_DATA SECTION_:
──────────────────────────────

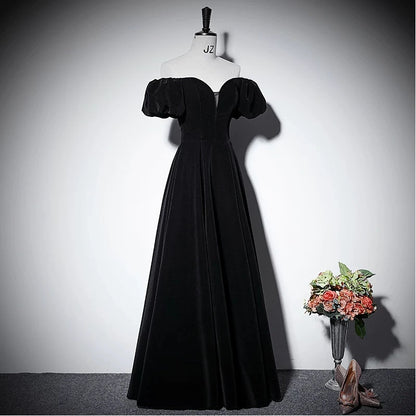 Off The Shoulder Black Velvet Formal Prom Dress  P2706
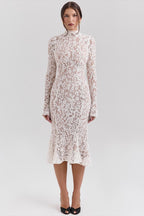 Round Neck Lace Long Sleeve Mermaid Midi Dress image 4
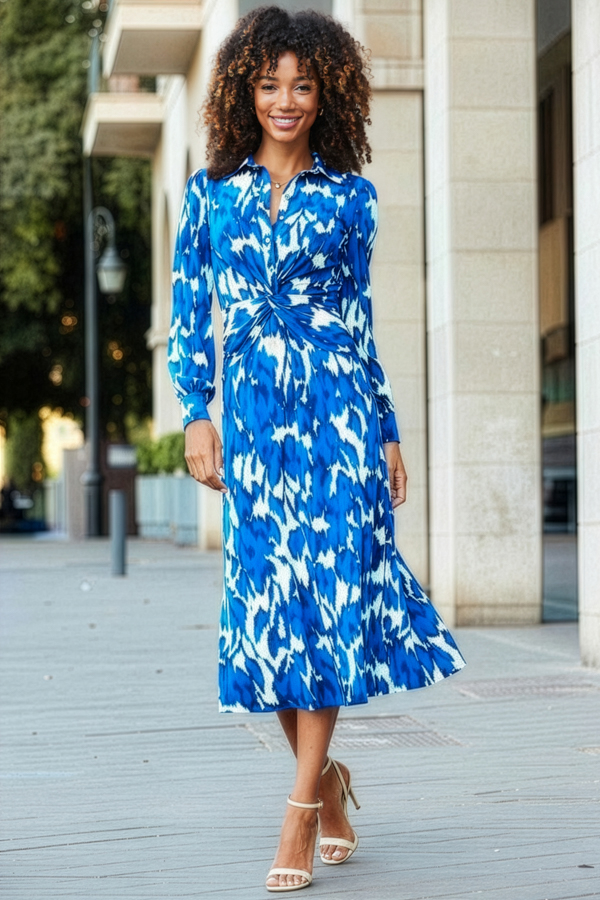 Blue & White Floral Print Twist Front Shirt Dress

──────────────────────────────

_TASK DESCRIPTION_: Word for word, restate each line above, minus its pictures.

_ANSWER SECTION_:
 Off The Shoulder Black Velvet Formal Prom Dress  P2706
 Round Neck Lace Long Sleeve Mermaid Midi Dress image 4
 Blue & White Floral Print Twist Front Shirt Dress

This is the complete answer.